BEGIN Data for this task
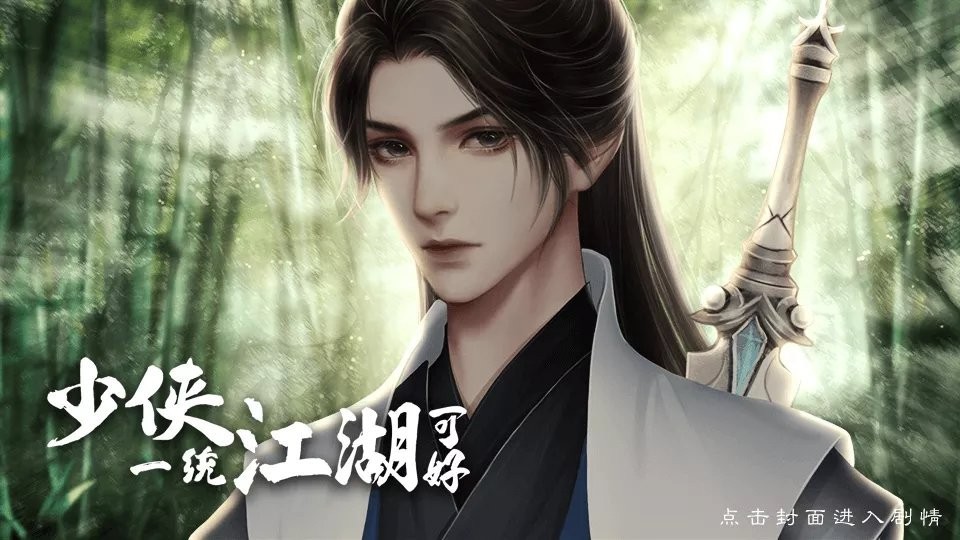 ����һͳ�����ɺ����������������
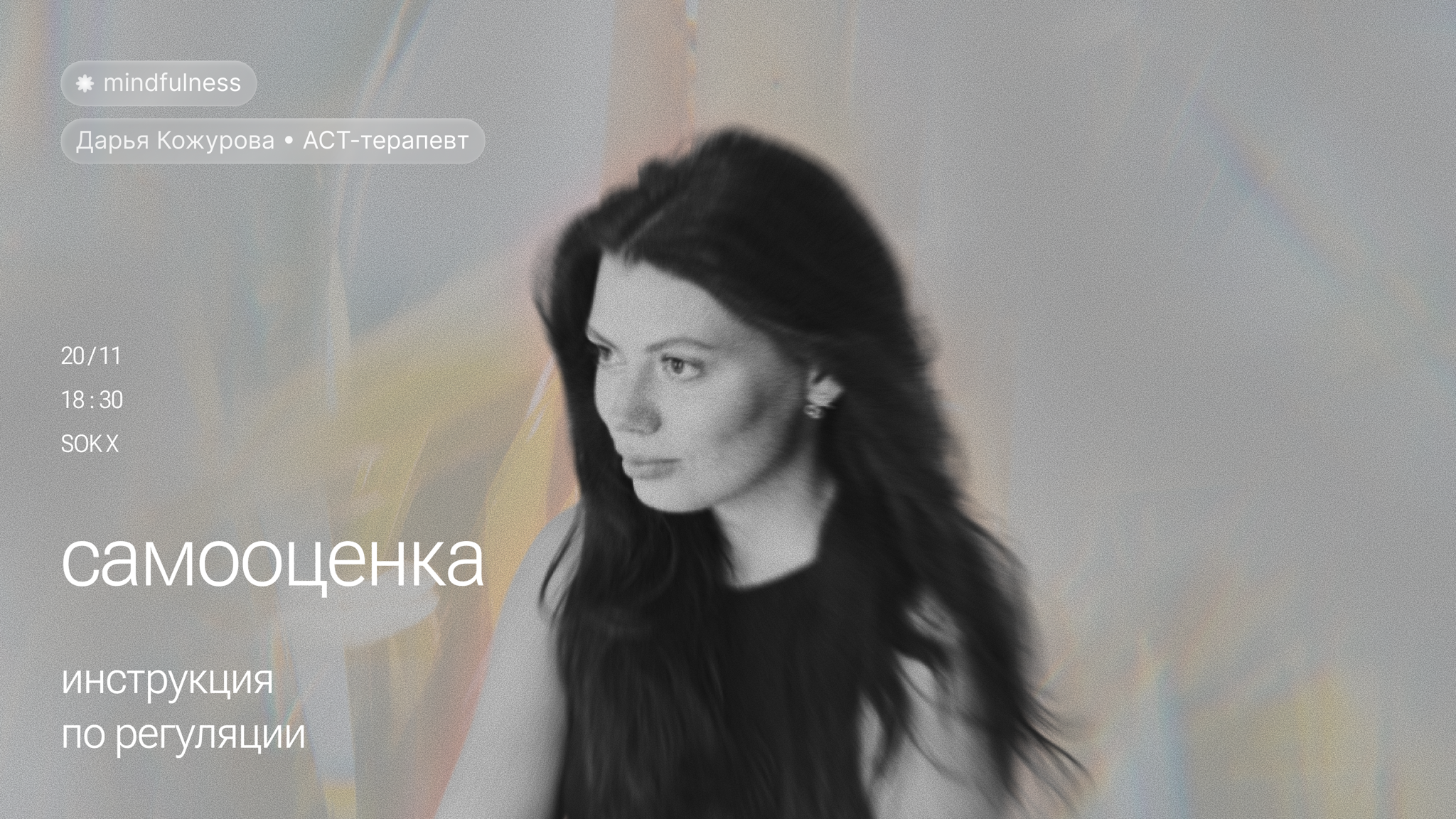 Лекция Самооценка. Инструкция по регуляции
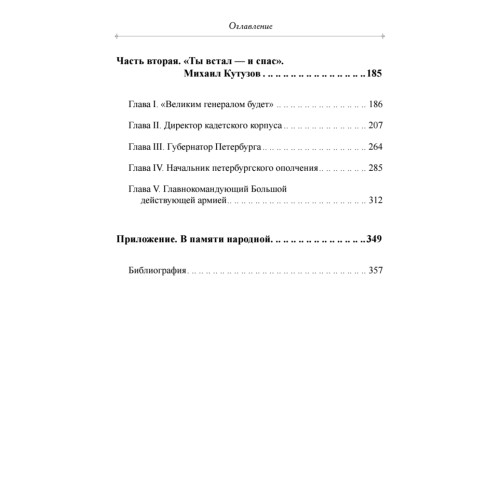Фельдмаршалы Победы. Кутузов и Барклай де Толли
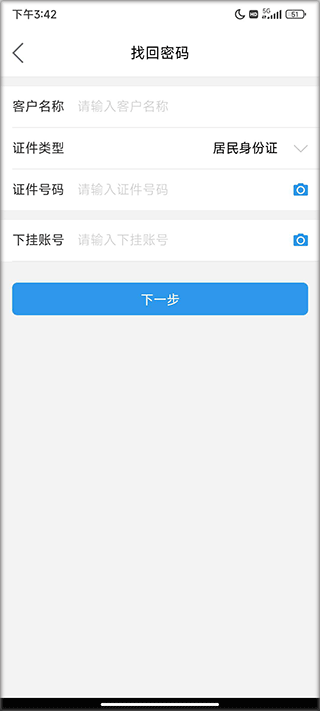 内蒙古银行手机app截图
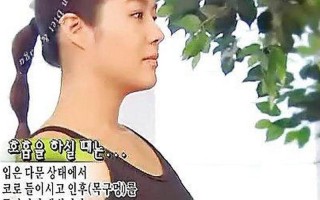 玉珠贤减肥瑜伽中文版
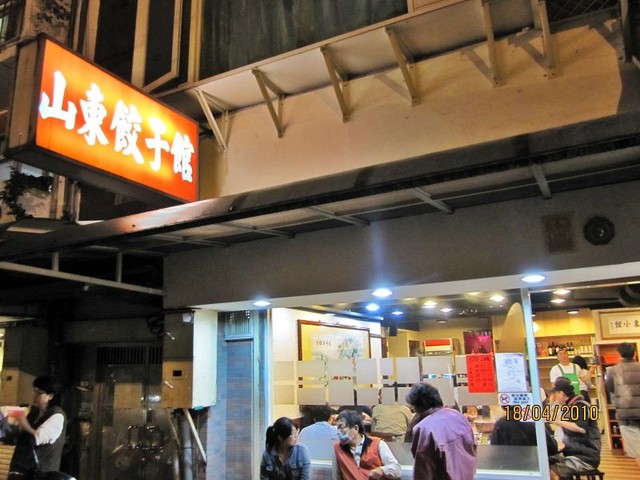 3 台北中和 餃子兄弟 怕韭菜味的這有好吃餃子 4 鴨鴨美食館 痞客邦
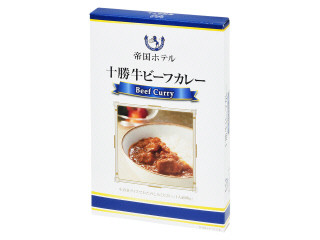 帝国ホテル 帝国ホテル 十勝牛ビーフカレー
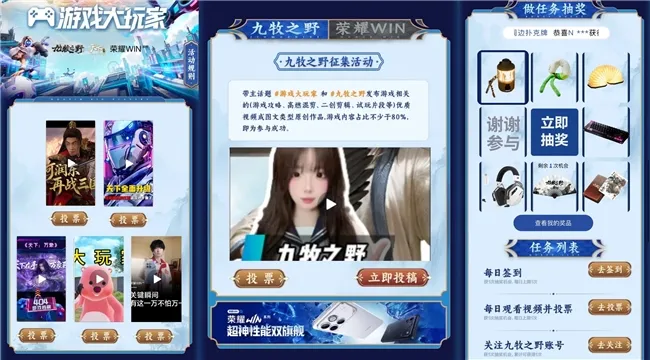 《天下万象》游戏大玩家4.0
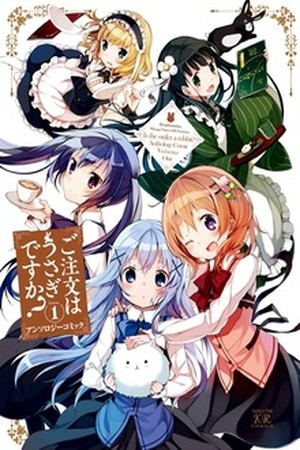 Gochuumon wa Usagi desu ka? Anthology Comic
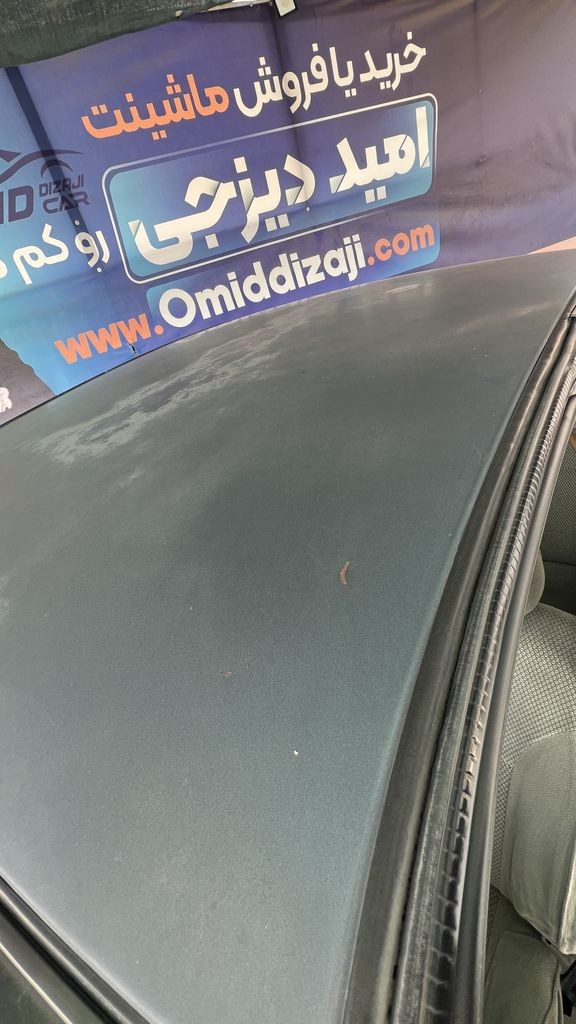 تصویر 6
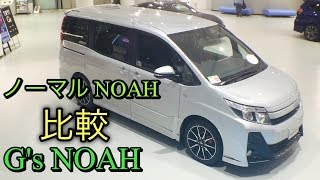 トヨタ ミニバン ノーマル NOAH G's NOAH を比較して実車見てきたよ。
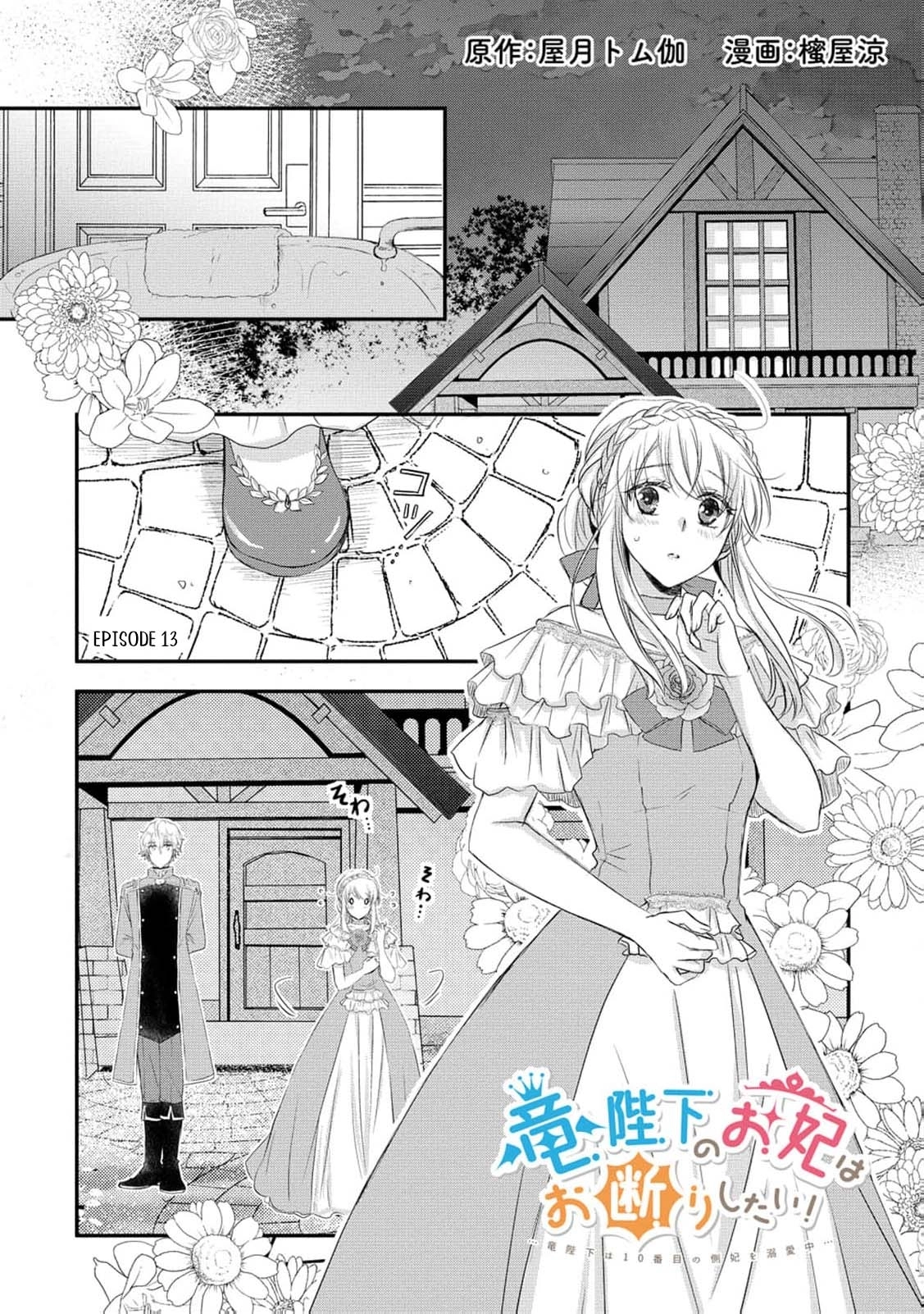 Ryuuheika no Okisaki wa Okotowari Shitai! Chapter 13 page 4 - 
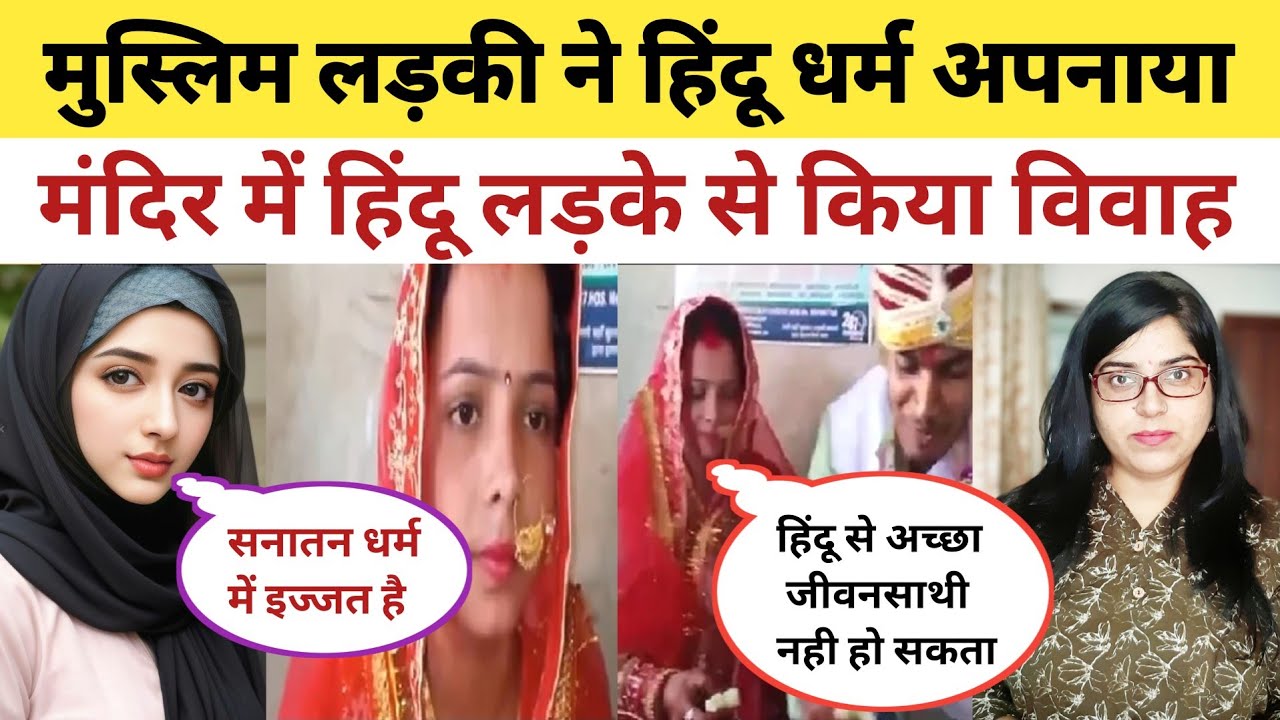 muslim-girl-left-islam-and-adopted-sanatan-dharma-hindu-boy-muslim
END Data for this task
→ **Task objective**
Give again, word for word, only the lines from the one with "Gochuumon wa Usagi desu ka? Anthology Comic" through the last line of the entries, both included; no pictures go in the copy.

→ **Written reply**
 Gochuumon wa Usagi desu ka? Anthology Comic
 تصویر 6
 トヨタ ミニバン ノーマル NOAH G's NOAH を比較して実車見てきたよ。
 Ryuuheika no Okisaki wa Okotowari Shitai! Chapter 13 page 4 - 
 muslim-girl-left-islam-and-adopted-sanatan-dharma-hindu-boy-muslim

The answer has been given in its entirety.